Use Gstreamer and Python to rip CDs

In a previous article, you learned how to use the MusicBrainz service to provide tag information for your audio files, using a simple Python script. This article shows you how to also script an all-in-one solution to copy your CDs down to a music library folder in your choice of formats.

Unfortunately, the powers that be make it impossible for Fedora to carry the necessary bits to encode MP3 in official repos. So that part is left as an exercise for the reader. But if you use a cloud service such as Google Play to host your music, this script makes audio files you can upload easily.

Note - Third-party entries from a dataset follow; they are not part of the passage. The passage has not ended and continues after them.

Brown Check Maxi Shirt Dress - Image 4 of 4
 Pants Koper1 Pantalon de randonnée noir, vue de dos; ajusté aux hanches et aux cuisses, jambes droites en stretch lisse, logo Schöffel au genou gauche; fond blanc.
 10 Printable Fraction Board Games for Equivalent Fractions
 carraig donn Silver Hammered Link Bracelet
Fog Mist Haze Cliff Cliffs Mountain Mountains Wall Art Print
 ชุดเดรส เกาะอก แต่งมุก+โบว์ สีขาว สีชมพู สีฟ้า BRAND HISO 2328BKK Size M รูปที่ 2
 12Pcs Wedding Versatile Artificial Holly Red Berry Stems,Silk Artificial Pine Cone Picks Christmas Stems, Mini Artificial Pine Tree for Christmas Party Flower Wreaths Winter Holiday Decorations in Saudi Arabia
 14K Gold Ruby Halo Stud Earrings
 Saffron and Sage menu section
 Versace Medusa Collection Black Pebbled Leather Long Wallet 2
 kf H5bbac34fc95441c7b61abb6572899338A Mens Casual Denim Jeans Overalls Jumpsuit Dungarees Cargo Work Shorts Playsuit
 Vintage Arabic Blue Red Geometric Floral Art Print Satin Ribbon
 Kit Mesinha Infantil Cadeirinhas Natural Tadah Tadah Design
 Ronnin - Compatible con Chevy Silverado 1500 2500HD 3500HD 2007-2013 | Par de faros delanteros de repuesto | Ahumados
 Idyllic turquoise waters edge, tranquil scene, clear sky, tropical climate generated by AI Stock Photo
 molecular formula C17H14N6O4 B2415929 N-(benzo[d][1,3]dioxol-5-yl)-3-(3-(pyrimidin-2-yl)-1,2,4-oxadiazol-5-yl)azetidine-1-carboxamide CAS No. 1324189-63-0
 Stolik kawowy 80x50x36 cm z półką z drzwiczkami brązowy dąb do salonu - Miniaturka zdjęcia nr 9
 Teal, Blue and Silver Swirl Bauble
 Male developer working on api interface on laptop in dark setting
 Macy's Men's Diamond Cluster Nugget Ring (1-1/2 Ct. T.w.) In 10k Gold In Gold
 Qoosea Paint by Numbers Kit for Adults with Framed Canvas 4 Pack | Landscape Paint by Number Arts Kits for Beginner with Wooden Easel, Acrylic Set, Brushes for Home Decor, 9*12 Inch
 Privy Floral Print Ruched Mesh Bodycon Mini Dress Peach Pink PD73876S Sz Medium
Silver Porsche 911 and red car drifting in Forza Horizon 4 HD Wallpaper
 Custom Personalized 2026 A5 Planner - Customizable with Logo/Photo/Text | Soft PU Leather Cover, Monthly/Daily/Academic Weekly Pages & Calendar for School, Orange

The script will record your CD down to one of the following file formats:

Uncompressed WAV, which you can further encode or play with.
Compressed but lossless FLAC. Lossless files preserve all the fidelity of the original audio.
Compressed, lossy Ogg Vorbis. Like MP3 and Apple’s AAC, Ogg Vorbis uses special algorithms and psychoacoustic properties to sound close to the original audio. However, Ogg Vorbis usually produces superior results to those other compressed formats at the same file sizes. You can read more about it here if you like technical details.

The components

The first element of the script is a GStreamer pipeline. GStreamer is a full featured multimedia framework included in Fedora. It comes installed by default in Workstation, too. GStreamer is used behind the scene by many multimedia apps in Fedora. It lets apps manipulate all kinds of video and audio files.

The second major component in this script is choosing, and using, a multimedia tagging library. In this case the mutagen library makes it easy to tag many kinds of multimedia files. The script in this article uses mutagen to tag Ogg Vorbis or FLAC files.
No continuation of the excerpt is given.